Conveying your designs to manufacturers goes way beyond sending out a few flat sketches.
It encompasses every back and forth starting with the initial quote all the way to production.
You can streamline this by adopting a systematic way of communicating - with a single source of truth.
Here are 4 tips to help you and your manufacturer get on the same page at every stage of the product development process.
1 - Start with the universal language of factories
Your techpack is the blueprint you’ll use to communicate your design to your manufacturer.
It should contain your:
- Technical sketches
- Bill of Materials
- Construction details
You should include one when publishing an enquiry on Sewport.
A few vague sketches aren’t enough here.
Manufacturers won’t be able to assess your requirements and provide accurate sampling and production estimates.
You need to convey all your technical requirements in one place for this.
The more detailed, the better.
You’ll attract more offers from more suitable manufacturers.
However, don’t treat your techpacks as a static set of instructions.
They are a work in progress and subject to change.
You’ll refer back to them throughout your sampling and production.
In other words, techpacks should serve as a master document to systematically track your product development.
This implies that every comment, revision, update, version and due date should be centralized around and communicated through your techpack.
You can do that using Techpacker.
It’s a single platform that lets you create professional techpacks in minutes, update teams in real time and keep manufacturers up to date.
But don’t expect to just dump your techpack on your manufacturer and expect them to get everything perfect on the first try.
Communicating your designs isn’t a one-shot thing, it’s an iterative process.
There will be multiple rounds of revision.
Mistakes will spring up.
And you’ll have to pinpoint these mistakes and request changes.
Read on to find how.
2 - Revise your FIT table for every sample round
Say you’ve received your first sample and held your first fit session.

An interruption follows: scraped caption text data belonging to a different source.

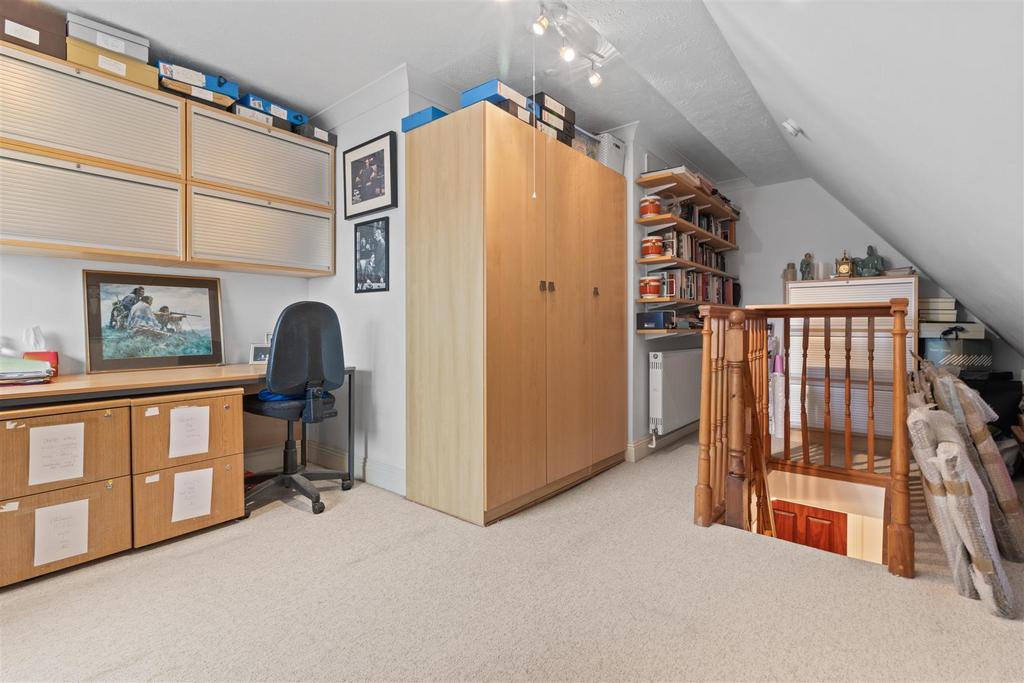 Loft room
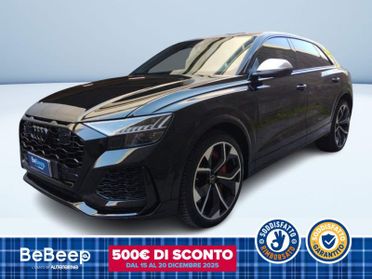 Audi Q8 RS RS 4.0 MHEV QUATTRO TIPTRONIC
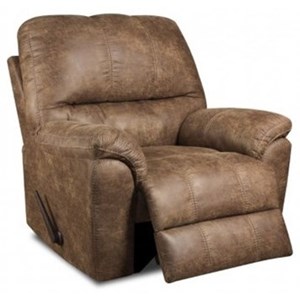 Peak Living 5407 Rocker Recliner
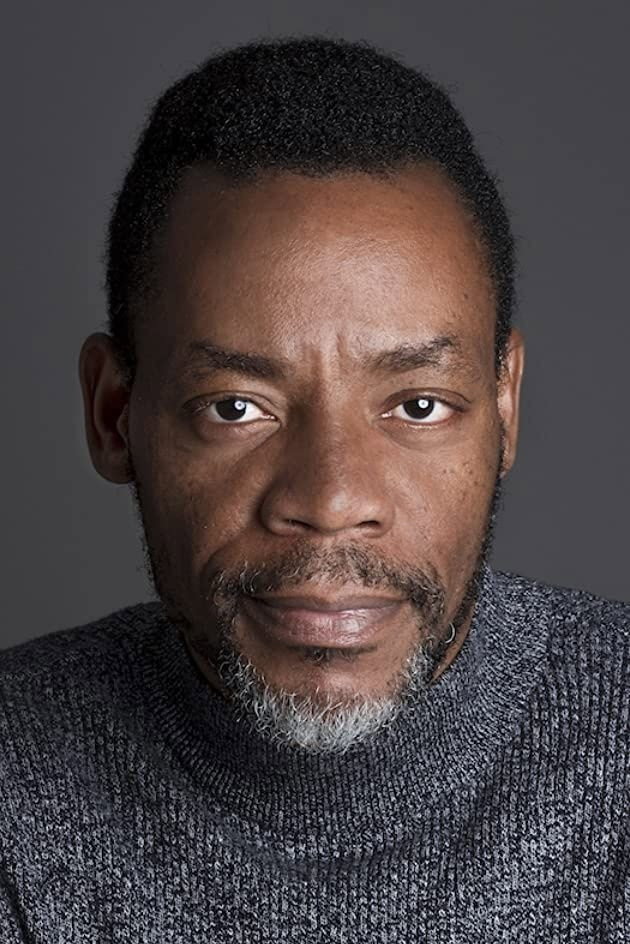 Hoji Fortuna as Ouk in Tribes of Europa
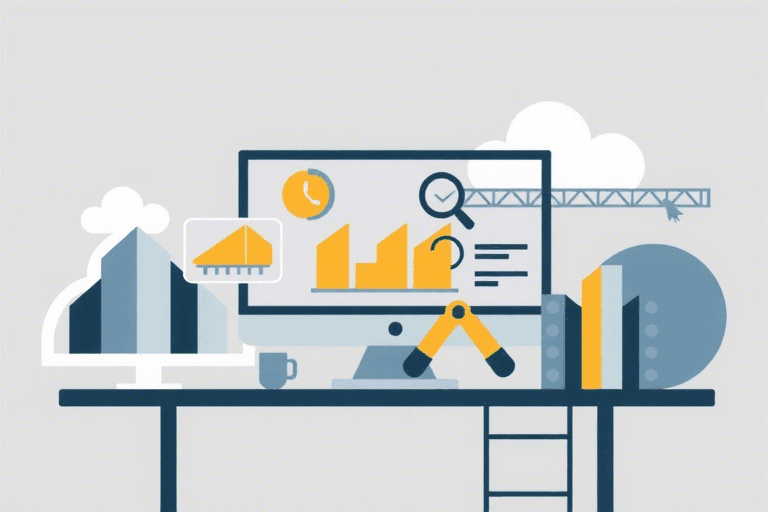 建筑工程资料管理B：如何构建高效的资料管理体系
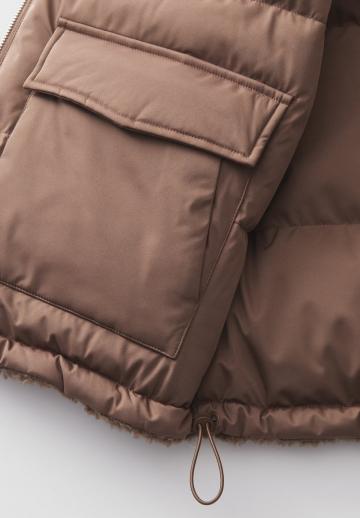 Флисовая куртка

You notice a few discrepancies in the measurements.
So how do you make sure your manufacturer understands and fixes them?
You go back to your techpack and right below your measurement table and a new Sample fit round table with the following columns:
Techpacker has a FIT sheet template that you can generate in one click.
It uses your measurements specs and adds all the required columns.
As you fill in your sample specs in the FIT column, the template will compare them with your provided tolerance range and instantly highlight differences for you like this:
This comes in real handy when you have to reassess your specs during multiple sample reviews.
BONUS: You can also add costing sheets, quantity breakdowns, delivery tracking and much more on Techpacker. Discover the new Custom Sections feature.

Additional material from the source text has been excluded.